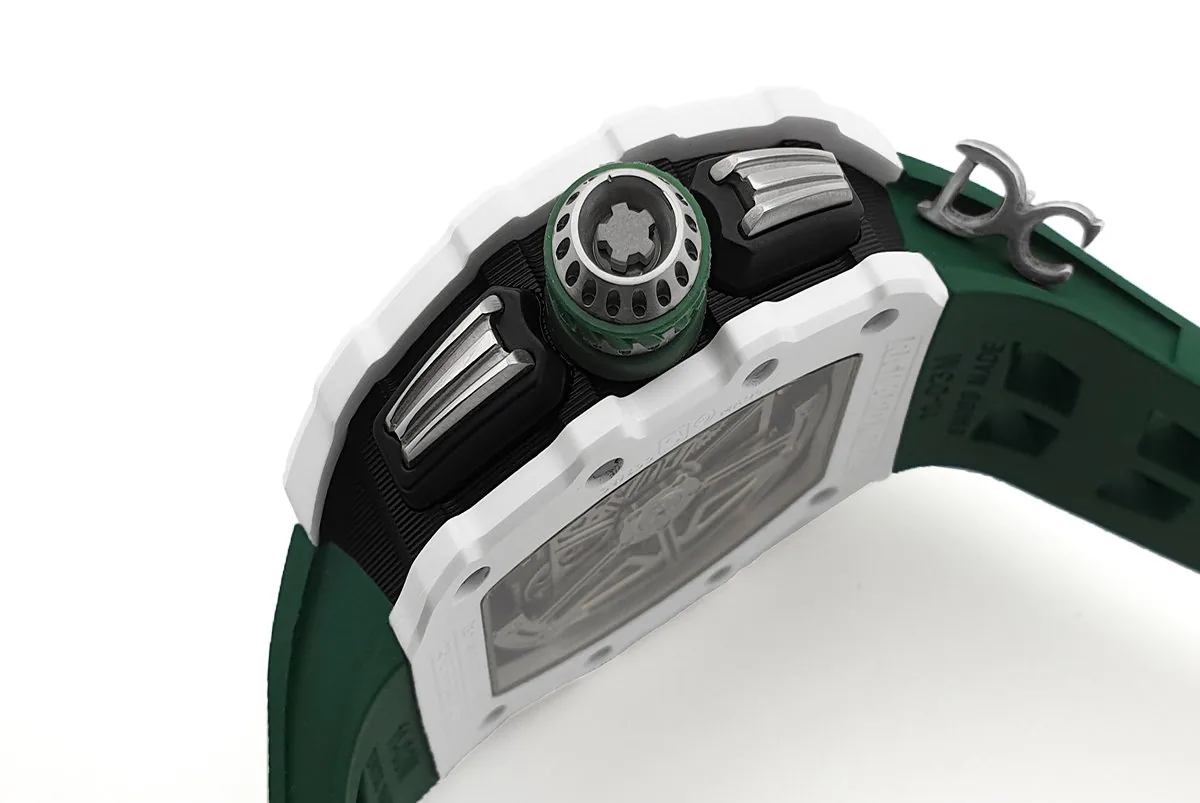 RM 011-02 Le Mans Classic Chronograph in Grün am grünen Kautschukarmband – Bild 9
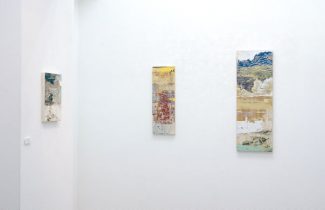 (左から)「ウラヤマの道」「ウラヤマの壁」「ウラヤマ」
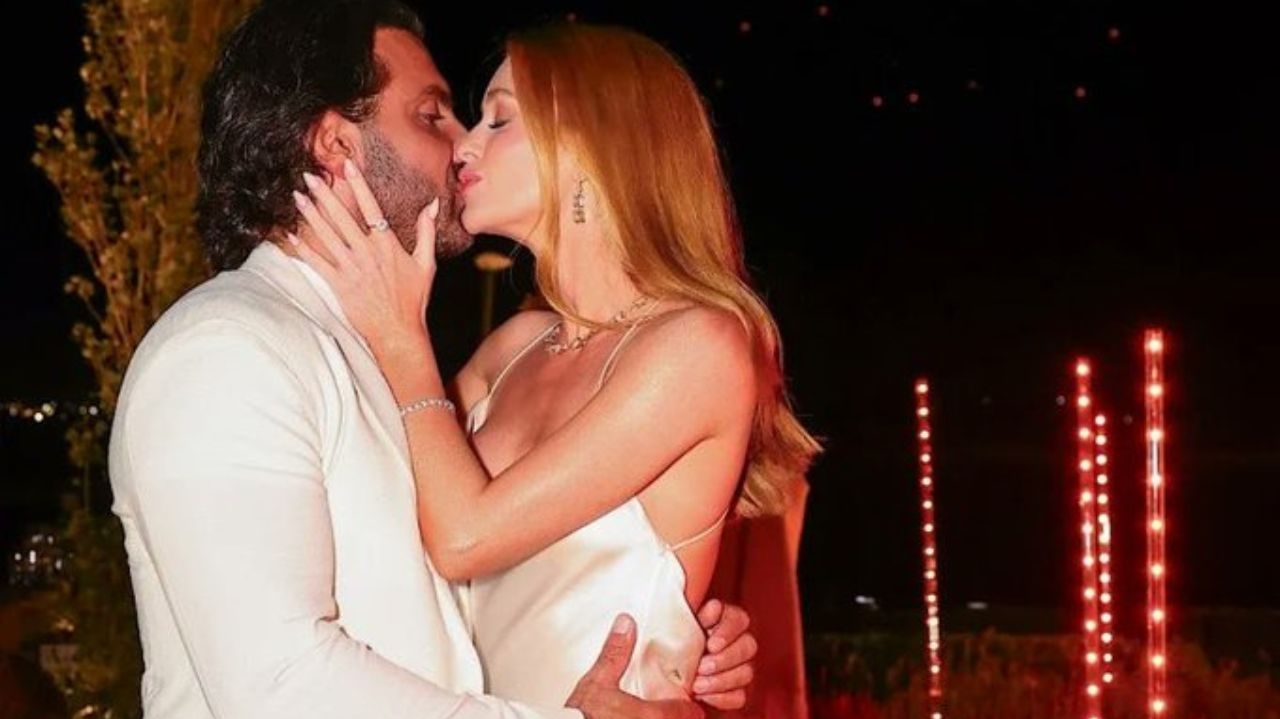 Marina Ruy Barbosa comemora virada do ano beijando seu noivo no Uruguai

- **Work to be completed**
The full data, repeated exactly and stripped of its pictures, is the expected answer.

- **Solution below**
 RM 011-02 Le Mans Classic Chronograph in Grün am grünen Kautschukarmband – Bild 9
 (左から)「ウラヤマの道」「ウラヤマの壁」「ウラヤマ」
 Marina Ruy Barbosa comemora virada do ano beijando seu noivo no Uruguai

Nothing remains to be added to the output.